Note

This manual is for LibreCAD’s stable release version 2.2.0.

Creating and Editing Entities

Drawing geometric shapes, or entities is familiar to many people that have used drawing and paint programs. As with many programs, there are a multitude of ways to generate the desired results. LibreCAD is the same - there are many ways to obtain the same results in a completed drawing - far too many to be able document an example for each one in a User Guide. For users it is important know what tools are available and how to apply them.

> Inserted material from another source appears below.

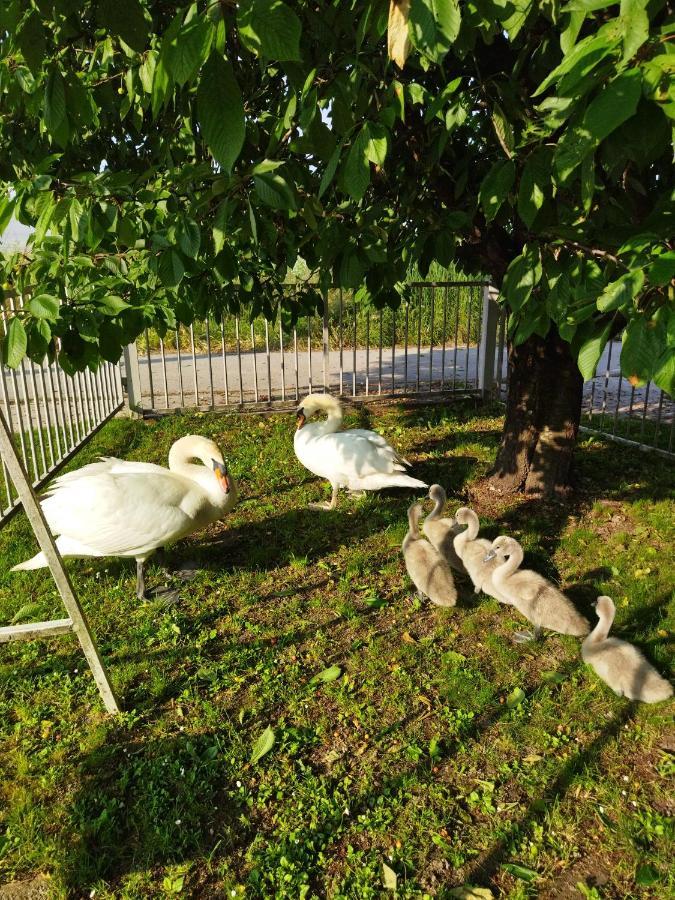 Apartman Na Jezeru Zagreb Eksteriør billede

This section of the User Guide brings together many other parts of the LibreCAD manual and will show how to use a variety tools to create and modify drawings. Be sure to read through the Reference section, particularly the Fundamentals, the Drawing Tools and the Snapping sections to obtain an understanding of the basic operation of LibreCAD and its various tools. It is also helpful to understand the different View tools and commands.

Note

The examples below use both the the command line and the mouse for input. In cases where the command line is used and additional input is required because of a Tool Option (see Drawing Tools) see the note below the command text. Where the mouse is the primary form of input, the instructions are provided in a numbered list.

Creating Entities

Creating new geometric entities all use similar methods. Generally, creating an entity requires placement of a minimum of two points (Well, unless the entity being drawn is a point), or a single point and an additional parameter such as length or radius. In some case the same result can be obtained using several different methods. For example, drawing a vertical line can be done via keyboard entry using the command line to select a tool and then define two points with the absolute or relative Cartesian coordinates:

Using absolute Cartesian coordinates:

li
10,10
10,110
k

The first set of coordinates place the starting point of the line at 10 units horizontally and 10 units vertically from the origin (0,0). The second set places the end point of the line at 10 units horizontally and 110 units vertically from the origin (0,0), resulting in a vertical line 100 units long.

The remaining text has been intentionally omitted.